Stephan Pfenninger and Stephanie Eichenberger of Tax Partner – Taxand look at Swiss cross-border real estate structures in the context of Swiss special purpose vehicles (SPVs) holding foreign real estate or Swiss properties held by foreign SPVs and identify the best methods for exiting such structures.
Most real estate structures are historically grown. At the time they were implemented, the structures seemed advantageous, for legal, tax or other reasons. After a period of time, it may turn out that a real estate holding structure is not only costly to maintain but comes with various other adverse issues. This may be due to a change in the legal environment, the tightening of certain tax rules or simply a change of ownership.
In today's world, a cross-border real estate structure should be focused on the location of the real estate, that is, the entity holding the real estate should be domiciled in the same jurisdiction as the real estate. The logic behind this is fairly simple: the less jurisdictions involved, the lower the administrative cost and overall risk.
Switzerland is involved in cross-border real estate structures both inbound and outbound. There are a number of foreign real estate investors who invest into Swiss commercial real estate. In addition, Swiss investors would go for foreign real estate.
Swiss properties are normally held through a Swiss real estate company (SPV). However, some investors, for practical, legal, tax or other reasons acquired their Swiss properties via a foreign SPV, for example in Luxembourg. The same applies to foreign properties: there are a number of Swiss companies owning foreign real estate, for example in France or Germany. These cross-border structures are often costly and without any tax benefit, or may even be disadvantageous from a tax point of view. Therefore, investors seek for simplification and would like to transform the real estate holding structure to a pure Swiss or foreign set-up in order to make the current holding of the property more efficient or to avoid any obstacles for a future sale of the property in a share deal. Potential buyers certainly prefer a legal set-up where the holding company is situated in the same country as the real estate.

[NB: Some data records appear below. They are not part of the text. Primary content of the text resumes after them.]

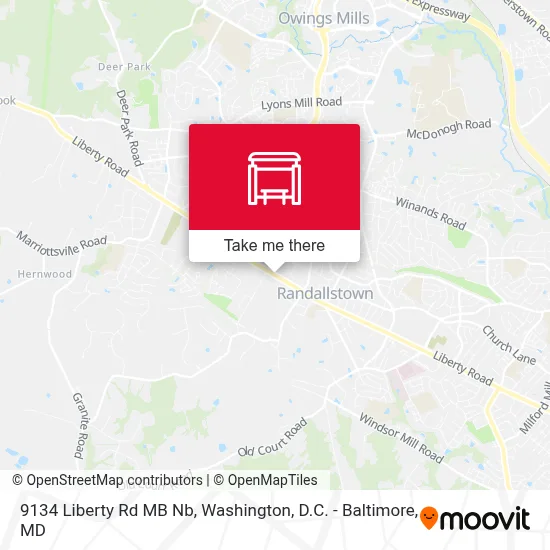 9134 Liberty Rd MB Nb map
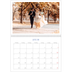 Fotokalender A4 dobbelt (30 x 40 cm) — Klassisk kobolt [Januar]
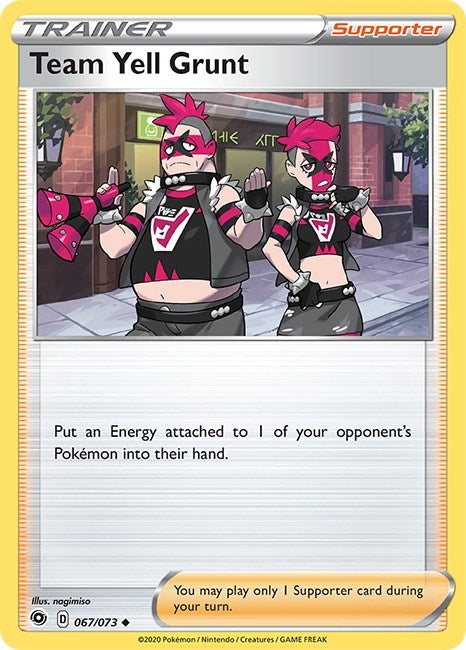 Image for Team Yell Grunt (67/73) (Champion's Path) (CHP) - Pokemon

The critical question is whether a structure can be adjusted to a pure local set-up without triggering taxation of the inbuilt surplus value on the real estate. Since the tax amounts involved are usually substantial and the funds for paying the tax on the surplus value not available due to the lack of realisation and cash-in of the surplus value, a careful exploration of legal and fiscal possibilities and restrictions in all concerned jurisdictions is needed.
Foreign company holding Swiss real estate
The first and most obvious scenario would be to move the Swiss real estate from the foreign SPV to a Swiss SPV. However, in Switzerland (as in most other countries), such transfer leads to a taxable capital gain, and to real estate transfer tax. A sale or a transfer of the real estate as dividend in kind or in the course of a liquidation of the foreign SPV will always result in a change of legal ownership of the property, relevant for real estate capital gains and transfer taxes, even if the ultimate beneficial owner of the real estate remains unchanged. The legal transfer of ownership normally triggers the following taxes in Switzerland:
Real estate transfer tax of 1.0% to 3.3% on the transaction price, depending on the location of the real estate.
Corporate income tax of 11.2% to 24.2%, depending on the location of the real estate. In most cantons, the difference between the fiscal book value and the fair market value is subject to corporate income tax. In some cantons, the difference between the book value and the fair market value is subject to corporate income tax at federal level only (at the rate of 7.8%). At cantonal level, recaptured deprecation (difference between book value and investment value) is subject to corporate income tax, whereas on the surplus value on the property separate real estate capital gains tax will be levied.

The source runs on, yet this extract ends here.